Excerpts from a dataset
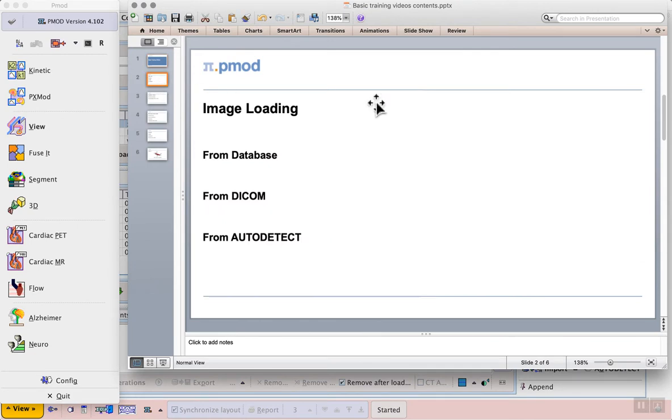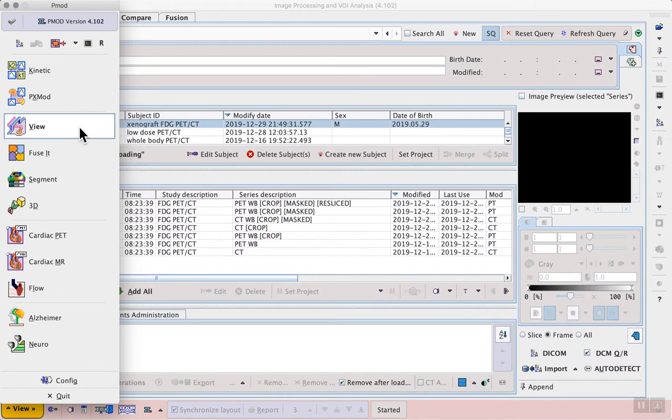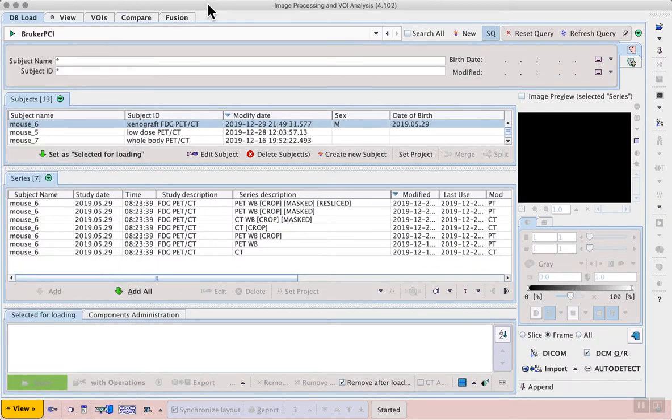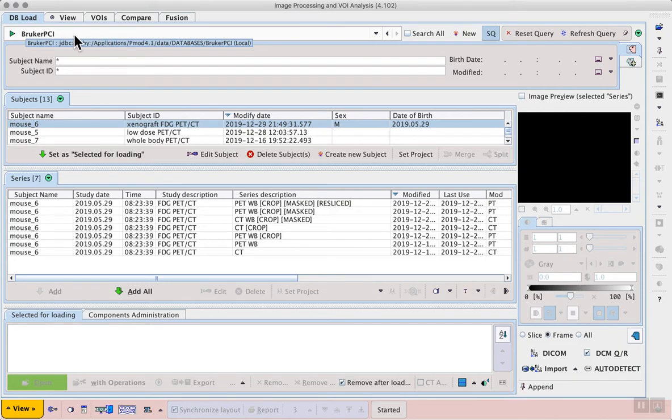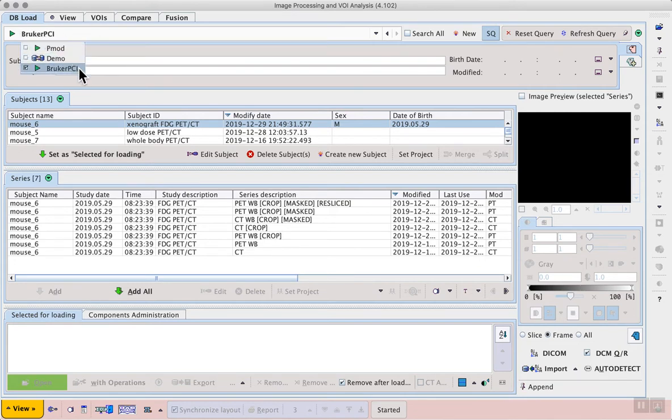In this video we'll look at image loading and we'll start by looking at loading from the inbuilt DICOM database. In this case we start with the view tool and on the dbload page in the top line we can choose the database we want to work with, in this case the Bruker PCI database.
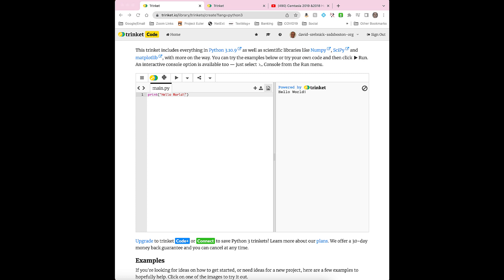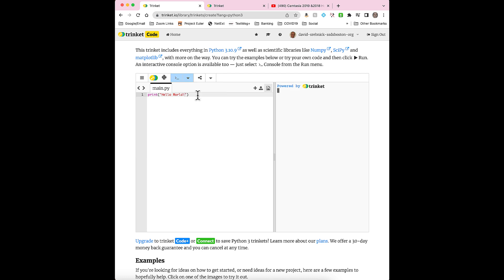If you want to type in commands and get immediate results, you can use what's called the Console. Right next to the Run button, there's this down arrow. If you press it, select Console.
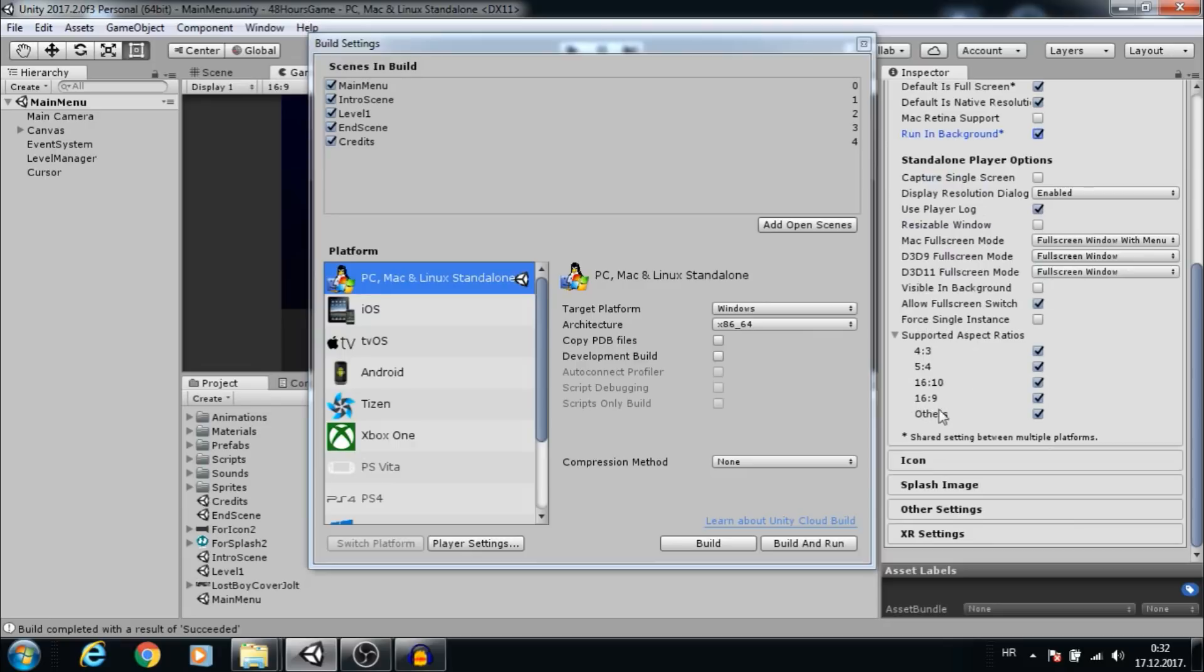Down here you can choose supported aspect ratios. I usually leave them all checked. Now let's build and see the changes.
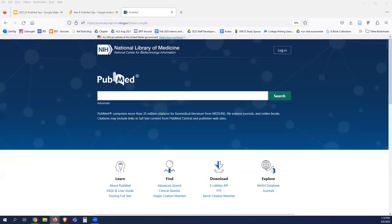Does anybody have a search they'd like me to demonstrate? Maybe a topic they're interested in. I definitely have a canned search prepared, but if you'd like me to demonstrate or talk about how to search on a topic that you suggest, we can do that. If you have a search, feel free to type it into chat or unmute if you have a topic you'd like me to demonstrate.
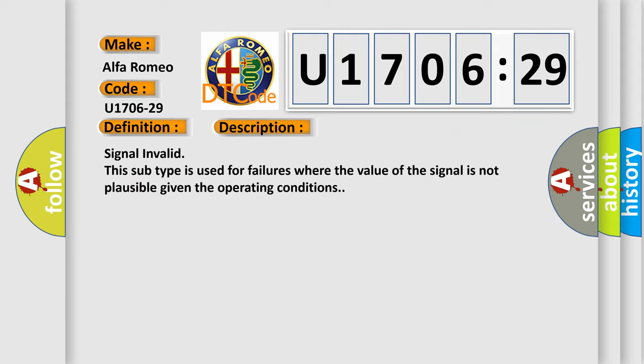And now this is a short description of this DTC code. Signal Invalid. This subtype is used for failures where the value of the signal is not plausible given the operating conditions.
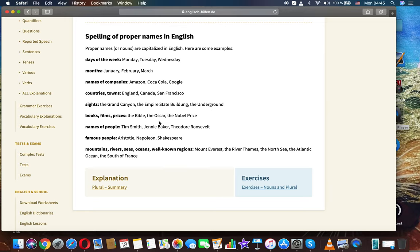Countries, towns: England, Canada, San Francisco. Sights: the Grand Canyon, the Empire State Building, the Underground.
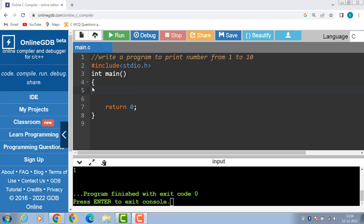Hello everyone, in this video we will learn about how to print numbers from 1 to 10 using a for loop.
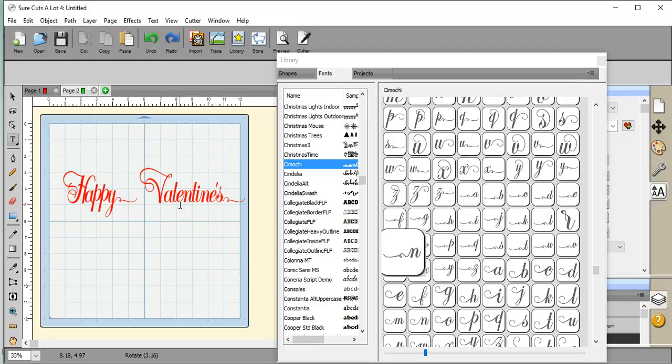All right. So, there we go, folks. If you have any questions on how to do any part of this, just send us a line at hello at thehungryjpeg.com. You guys have a great day.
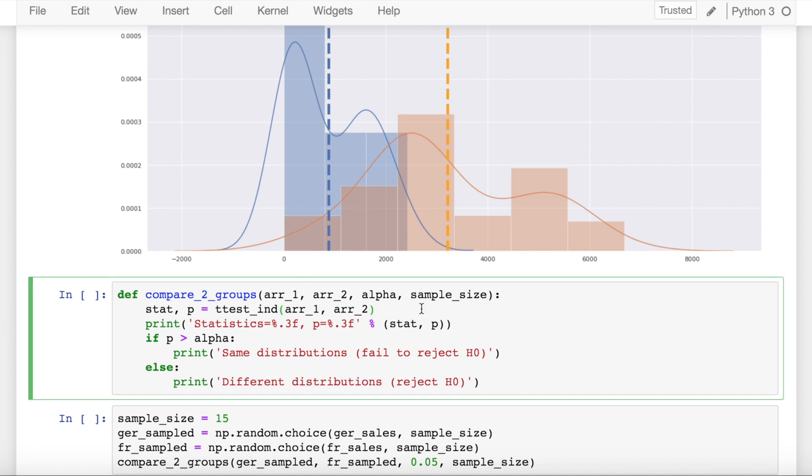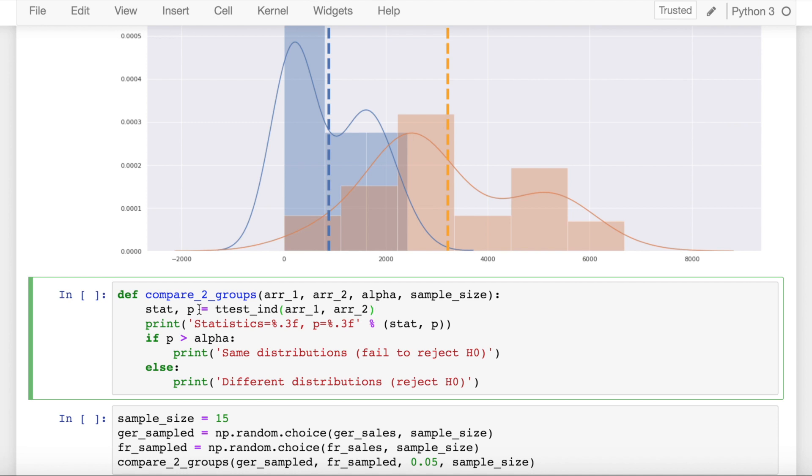So to do this comparison, I have created a function called compare_2_groups which takes in two arrays, the alpha value that is 1 minus the confidence interval, and the sample size. I use the direct function from scipy called ttest_ind which finds out the t-test of independence between two groups, and I return the statistic value as well as the p-value. Now as you know the concept of p-value, if your p-value is greater than alpha then you fail to reject the null hypothesis, and if your p-value is less than alpha that means both the distributions are different from each other.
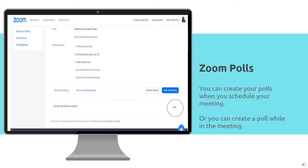You can create your polls when you schedule your meetings, or you can create a poll while in the meeting. You should consider what topics you wish to assess and develop those polls before the class begins so that you are prepared.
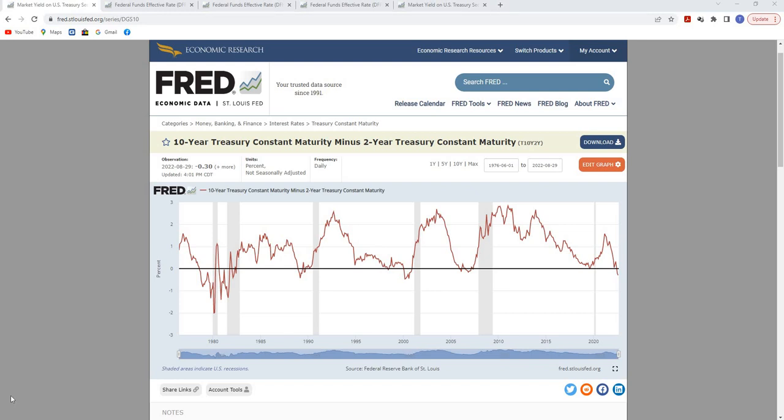Welcome back to the Economic Analyst channel. In this video, I'm going to give you an update on the yield curve and what's been happening to it, and why that's relevant to the economy today. One way to measure the yield curve—the most common way that markets do—is to compare the two-year treasury rate to the 10-year treasury rate.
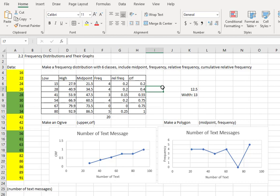This is probably the longest Excel video of the series, but it's helpful for the project and also for some of the concepts we're going to see as this section develops. So hopefully it was helpful. We'll see you in the next video.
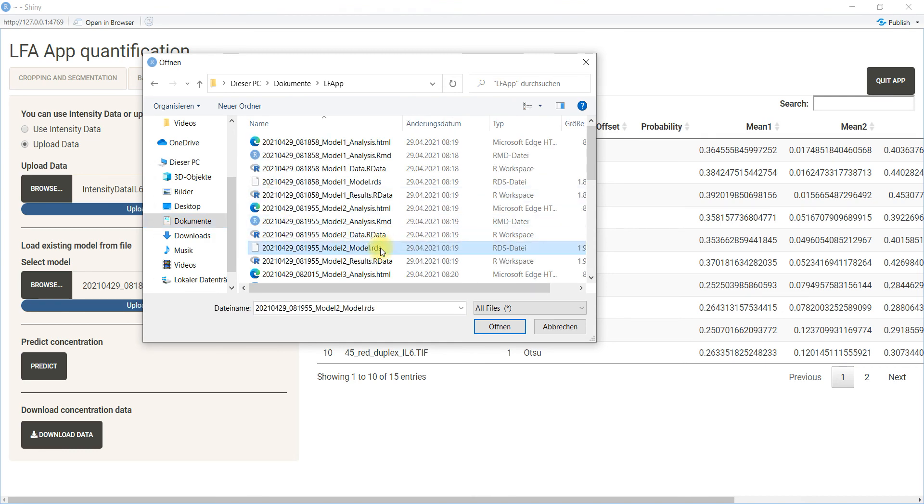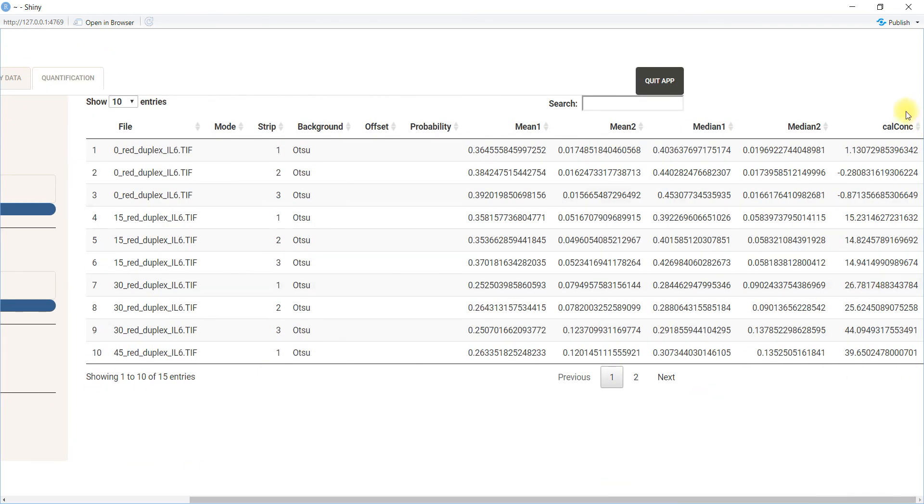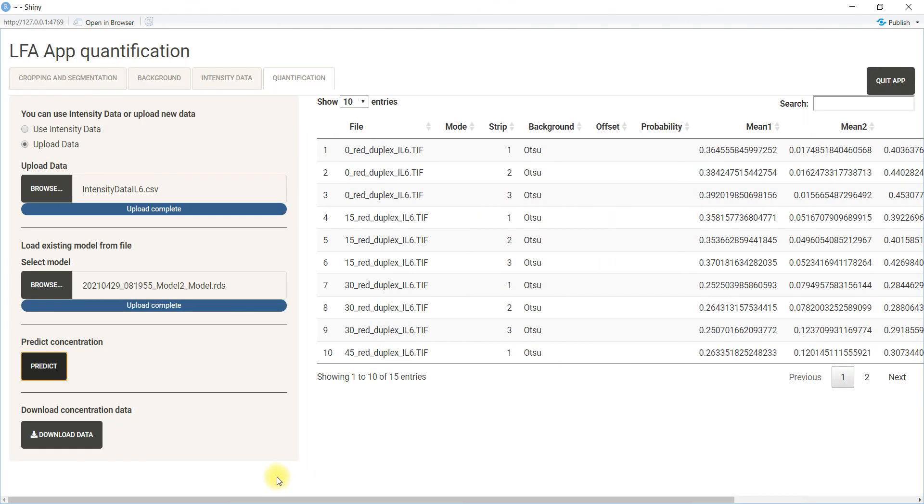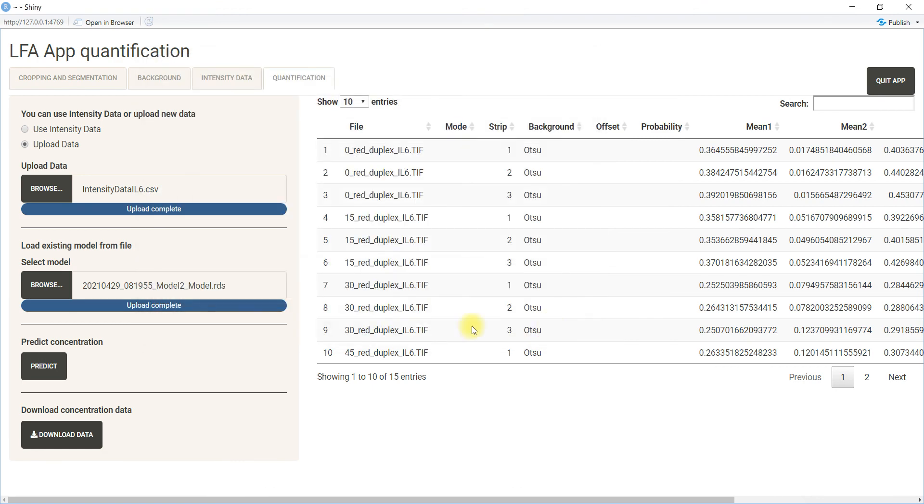Same with model two. Perform the predictions—the calculated concentrations here, so the previous numbers are overwritten in this case—and you can again download this dataset and have it as results for model two, and so on.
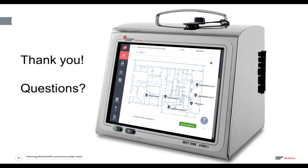Thank you, Tony, for your informative presentation. We will now start the Q&A portion of the webinar. Your first question — Cesar says: thank you for your presentation. There are many particle counters available on the market. Can you summarize the key difference with your MET ONE 3400 Plus and how it helps improve data integrity? What makes the 3400 Plus different?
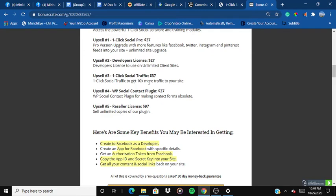Upsell number three is One Click Social Traffic at $37, which helps you get 10 times more traffic to your website. Upsell number four is the WP Social Contact Plugin at $37 for making contact forms. Upsell number five is the Reseller License — sell unlimited copies of the plugin and keep 100% commissions from the whole product and funnel.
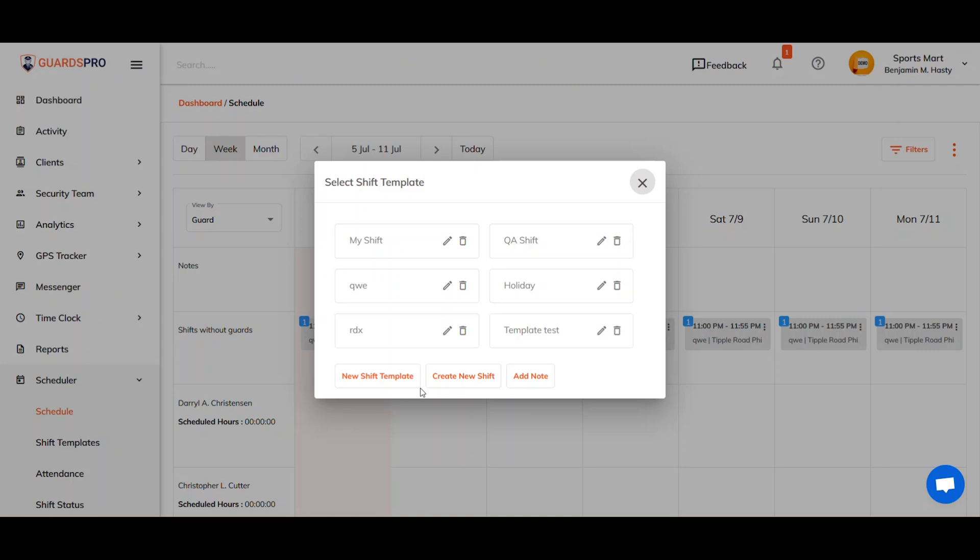Shift templates come in handy when you want to create a similar shift in the future. Otherwise, choose the option create new shift.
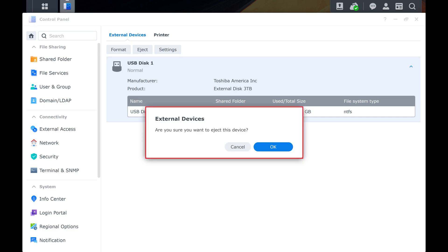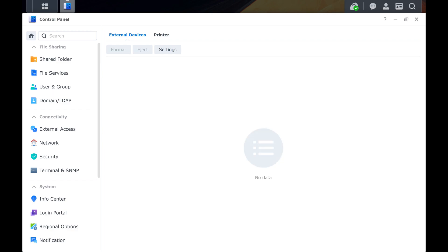A window pops up asking if you're sure you want to eject this external device. Step 5. Click OK. That specific device will be ejected and able to safely be disconnected from your Synology NAS.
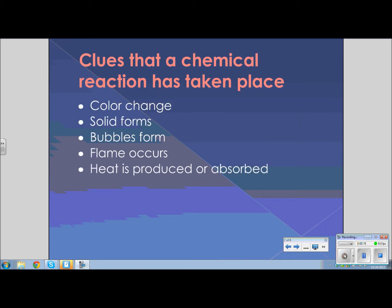There are a couple of things that we need to review. Let's review the clues that a chemical reaction has taken place. If there's a color change, a solid forms — which, remember, is called a precipitate — bubbles form, meaning there's a gas being produced, a flame occurs, or heat is produced or absorbed. All of these are signs of chemical reactions.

- _Instructions to follow_: In the entries above, find the line containing "You can create your" and the line containing "Welcome back to"; give again exactly those two lines and every line between them, minus the pictures.

- _Expected answer_:
You can create your polls when you schedule your meetings, or you can create a poll while in the meeting. You should consider what topics you wish to assess and develop those polls before the class begins so that you are prepared.
Welcome back to the Economic Analyst channel. In this video, I'm going to give you an update on the yield curve and what's been happening to it, and why that's relevant to the economy today. One way to measure the yield curve—the most common way that markets do—is to compare the two-year treasury rate to the 10-year treasury rate.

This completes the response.